The Middle East region is set to witness further interest and investment from China and Far East Asia, mainly in the infrastructure and logistics sector as the belt and road (BRI) scheme further expands into the region, according to Savills, the real estate advisor.

Savills have just hosted the first in-depth Middle East webinar following the recent launch of its global Impacts study in the region. The sessions was dedicated to ‘Trade Wars and Risk’ and included numerous regional and international real estate and economic experts.

The session was moderated by David O’Hara, Head of Savills KSA who discussed with the panellists how investment strategies are evolving in the backdrop of trade embargoes and the growing protectionist behaviours. O’Hara said: “The Middle East has traditionally been a net exporter of capital. Sovereign wealth funds and private equity have been some of the biggest investors into equities and trophy real estate assets over the past decade. However, in the last few years, governments in the region have been encouraging foreign inward investment to drive growth and diversify their economies.”
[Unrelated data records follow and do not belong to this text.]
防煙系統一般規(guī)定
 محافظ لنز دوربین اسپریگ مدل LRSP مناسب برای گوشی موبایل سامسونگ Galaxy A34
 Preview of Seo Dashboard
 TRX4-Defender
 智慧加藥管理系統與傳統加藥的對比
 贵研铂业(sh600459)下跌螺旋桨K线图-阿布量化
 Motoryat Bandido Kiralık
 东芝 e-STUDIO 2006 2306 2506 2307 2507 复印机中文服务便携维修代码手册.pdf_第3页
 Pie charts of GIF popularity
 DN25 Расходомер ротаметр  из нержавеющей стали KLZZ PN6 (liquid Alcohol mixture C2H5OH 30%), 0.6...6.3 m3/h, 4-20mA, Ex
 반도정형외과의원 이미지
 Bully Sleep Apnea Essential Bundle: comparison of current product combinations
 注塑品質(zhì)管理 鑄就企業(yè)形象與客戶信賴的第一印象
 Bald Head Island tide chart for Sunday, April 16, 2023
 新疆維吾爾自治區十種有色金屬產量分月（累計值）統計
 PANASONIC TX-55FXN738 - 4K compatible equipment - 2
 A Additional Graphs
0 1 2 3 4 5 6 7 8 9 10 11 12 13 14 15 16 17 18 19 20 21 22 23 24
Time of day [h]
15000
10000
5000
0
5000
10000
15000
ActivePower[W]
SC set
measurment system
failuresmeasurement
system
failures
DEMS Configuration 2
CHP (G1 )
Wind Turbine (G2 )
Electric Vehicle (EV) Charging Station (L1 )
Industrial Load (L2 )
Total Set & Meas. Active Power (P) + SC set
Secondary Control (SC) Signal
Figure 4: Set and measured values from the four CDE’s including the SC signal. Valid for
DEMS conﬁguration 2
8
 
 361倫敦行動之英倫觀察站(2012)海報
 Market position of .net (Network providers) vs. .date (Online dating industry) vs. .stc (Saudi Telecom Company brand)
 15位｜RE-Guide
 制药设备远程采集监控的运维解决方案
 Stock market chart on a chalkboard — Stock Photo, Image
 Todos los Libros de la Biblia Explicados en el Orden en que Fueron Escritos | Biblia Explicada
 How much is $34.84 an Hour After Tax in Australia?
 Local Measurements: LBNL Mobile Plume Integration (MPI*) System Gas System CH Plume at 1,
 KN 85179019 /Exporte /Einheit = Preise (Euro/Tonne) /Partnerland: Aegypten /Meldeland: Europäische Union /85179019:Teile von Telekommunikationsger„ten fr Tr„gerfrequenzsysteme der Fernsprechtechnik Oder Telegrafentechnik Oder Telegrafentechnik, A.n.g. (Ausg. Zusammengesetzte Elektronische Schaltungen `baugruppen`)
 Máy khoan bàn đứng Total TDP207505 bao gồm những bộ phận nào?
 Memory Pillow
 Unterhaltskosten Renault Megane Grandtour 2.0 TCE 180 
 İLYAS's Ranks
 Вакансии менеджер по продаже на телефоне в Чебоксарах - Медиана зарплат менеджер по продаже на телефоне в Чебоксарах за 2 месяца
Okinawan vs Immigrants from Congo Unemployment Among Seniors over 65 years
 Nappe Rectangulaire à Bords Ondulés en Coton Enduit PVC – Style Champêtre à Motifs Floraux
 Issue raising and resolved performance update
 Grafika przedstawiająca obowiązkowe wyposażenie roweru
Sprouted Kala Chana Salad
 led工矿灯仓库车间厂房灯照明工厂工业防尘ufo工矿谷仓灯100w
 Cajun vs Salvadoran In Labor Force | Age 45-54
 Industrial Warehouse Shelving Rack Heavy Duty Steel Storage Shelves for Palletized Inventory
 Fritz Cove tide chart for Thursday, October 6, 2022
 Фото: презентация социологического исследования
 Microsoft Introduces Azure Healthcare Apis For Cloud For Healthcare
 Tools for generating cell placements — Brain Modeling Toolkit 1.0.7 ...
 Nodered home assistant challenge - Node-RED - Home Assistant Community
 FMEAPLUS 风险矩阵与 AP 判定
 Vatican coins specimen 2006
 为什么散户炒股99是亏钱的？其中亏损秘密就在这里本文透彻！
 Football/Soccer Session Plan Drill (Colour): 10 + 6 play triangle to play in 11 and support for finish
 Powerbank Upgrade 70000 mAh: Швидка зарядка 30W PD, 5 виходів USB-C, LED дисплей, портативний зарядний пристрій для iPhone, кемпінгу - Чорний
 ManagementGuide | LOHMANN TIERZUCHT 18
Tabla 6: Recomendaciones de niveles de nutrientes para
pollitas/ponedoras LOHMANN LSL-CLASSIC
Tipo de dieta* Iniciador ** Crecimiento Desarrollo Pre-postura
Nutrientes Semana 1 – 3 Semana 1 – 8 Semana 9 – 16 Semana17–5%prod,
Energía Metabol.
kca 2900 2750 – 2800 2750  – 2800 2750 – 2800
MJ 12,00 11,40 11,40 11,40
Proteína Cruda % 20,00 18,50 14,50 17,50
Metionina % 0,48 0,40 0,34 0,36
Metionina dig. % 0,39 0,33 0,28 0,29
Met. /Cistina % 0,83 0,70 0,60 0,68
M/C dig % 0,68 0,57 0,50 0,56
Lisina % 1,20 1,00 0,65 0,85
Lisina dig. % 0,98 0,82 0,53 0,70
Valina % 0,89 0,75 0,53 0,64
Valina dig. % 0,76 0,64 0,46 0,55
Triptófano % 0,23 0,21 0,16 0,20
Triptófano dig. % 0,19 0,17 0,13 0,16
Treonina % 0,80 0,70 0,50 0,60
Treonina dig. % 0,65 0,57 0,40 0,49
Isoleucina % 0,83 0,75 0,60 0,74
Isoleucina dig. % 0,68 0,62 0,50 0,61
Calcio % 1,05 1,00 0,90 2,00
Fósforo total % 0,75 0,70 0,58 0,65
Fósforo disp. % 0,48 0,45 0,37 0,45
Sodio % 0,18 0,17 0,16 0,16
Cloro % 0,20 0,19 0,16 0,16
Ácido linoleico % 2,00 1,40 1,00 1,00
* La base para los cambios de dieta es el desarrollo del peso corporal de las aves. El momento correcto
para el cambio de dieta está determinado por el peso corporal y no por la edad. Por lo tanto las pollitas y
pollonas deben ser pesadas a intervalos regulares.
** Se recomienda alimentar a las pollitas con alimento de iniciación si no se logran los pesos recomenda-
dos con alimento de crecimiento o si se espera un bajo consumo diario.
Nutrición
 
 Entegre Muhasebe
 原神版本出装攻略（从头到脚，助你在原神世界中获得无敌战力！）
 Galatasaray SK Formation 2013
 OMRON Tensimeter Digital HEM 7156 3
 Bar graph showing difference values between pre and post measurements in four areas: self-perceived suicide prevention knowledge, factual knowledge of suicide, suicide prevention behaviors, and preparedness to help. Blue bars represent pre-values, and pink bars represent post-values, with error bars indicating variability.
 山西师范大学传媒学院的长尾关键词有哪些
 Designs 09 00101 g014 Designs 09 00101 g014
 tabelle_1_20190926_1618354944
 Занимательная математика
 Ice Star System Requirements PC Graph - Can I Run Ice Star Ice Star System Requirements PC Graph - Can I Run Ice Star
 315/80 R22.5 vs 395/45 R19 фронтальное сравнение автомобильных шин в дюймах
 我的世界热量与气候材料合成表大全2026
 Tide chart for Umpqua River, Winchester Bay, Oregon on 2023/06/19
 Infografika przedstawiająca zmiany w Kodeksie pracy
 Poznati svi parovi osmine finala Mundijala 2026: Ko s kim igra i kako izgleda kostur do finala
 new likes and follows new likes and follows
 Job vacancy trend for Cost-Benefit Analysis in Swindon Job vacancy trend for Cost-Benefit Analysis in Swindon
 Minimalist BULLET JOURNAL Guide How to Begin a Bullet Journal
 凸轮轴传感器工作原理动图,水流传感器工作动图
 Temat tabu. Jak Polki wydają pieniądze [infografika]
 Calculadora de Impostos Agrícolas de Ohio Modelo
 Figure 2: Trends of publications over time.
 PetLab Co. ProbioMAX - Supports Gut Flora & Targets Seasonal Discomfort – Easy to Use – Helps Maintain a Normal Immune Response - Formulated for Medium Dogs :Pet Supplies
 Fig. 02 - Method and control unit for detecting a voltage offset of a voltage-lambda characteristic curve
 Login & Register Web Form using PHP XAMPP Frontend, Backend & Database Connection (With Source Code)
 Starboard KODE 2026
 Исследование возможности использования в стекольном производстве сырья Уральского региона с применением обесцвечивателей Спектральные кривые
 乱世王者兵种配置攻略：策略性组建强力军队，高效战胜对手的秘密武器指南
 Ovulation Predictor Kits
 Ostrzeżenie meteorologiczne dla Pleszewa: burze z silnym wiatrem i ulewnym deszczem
Global investment has changed dramatically since it is undergoing transformation driven by technological, demographic and geopolitical factors.

In the Middle East for instance, the total BRI funding was US$71.1 billion between 2014-2017, with Egypt being the largest recipient. In Oman, China is also key to the country’s plans to develop its industrial zones and has pledged to spend S$10.7 billion by 2022 in Oman’s Duqm special economic zone.

In 2019, the UAE was the largest FDI recipient in the subregion, with flows of almost US$14 billion, growing by a third from the previous year. This was largely due to major investment deals in oil and gas, primarily in Abu Dhabi.

In the same year, the country further strengthened its commitment to foreign investment by launching a broad-based initiative to enhance the commercial ecosystem.

On Saudi Arabia, Savills said capital flows into the kingdom increased for the second consecutive year by a further 7% to hit US$4.6 billion.

The new investment policy and a broader economic reform programme under the Saudi Vision 2030 initiative are intended to improve the country’s investment environment and promote economic diversification.

Several large non-oil investment deals took place in the kingdom last year; for instance, the large greenfield project implemented by Pan-Asia Pet Resin (China), a plastic bottle supplier, which launched a facility in Jazan City valued at US$1 billion.

China has been busy in securing Free Trade Agreements with Middle Eastern states. These are highly specific documents that contain the exact tax mechanisms deployable between China and the country concerned, and are valuable as they can be used to reduce taxes on agreed products and services described within the treaty as well as offset profits tax via using withholding tax alternatives. (Professional assistance is needed with this). We provided an article on Understanding China’s Double Tax Treaties here

In Egypt, economic reforms instituted by the government have improved macroeconomic stability and strengthened investor confidence in the country. Although FDI in 2019 was still driven by the oil and gas industry, investments have been made in the non-oil economy as well, notably in telecommunication, consumer goods and also real estate. Russia has also been an investor in Egyptian SEZ’s while Russia and Hungary are jointly working with Egyptian Rail on various infrastructure projects.

Concerning Oman, Savills said the sultanate had set out a series of laws governing public-private partnerships, privatization and foreign capital investments, with the aim of creating a more favourable regulatory environment, while in Bahrain, full foreign ownership of companies involved in the activities of oil and gas drilling is now allowed.

However, as per the UN Conference on trade and development, global flows of capital will be under severe pressure this year and is expected to fall sharply from 2019 levels of US$1.5 trillion.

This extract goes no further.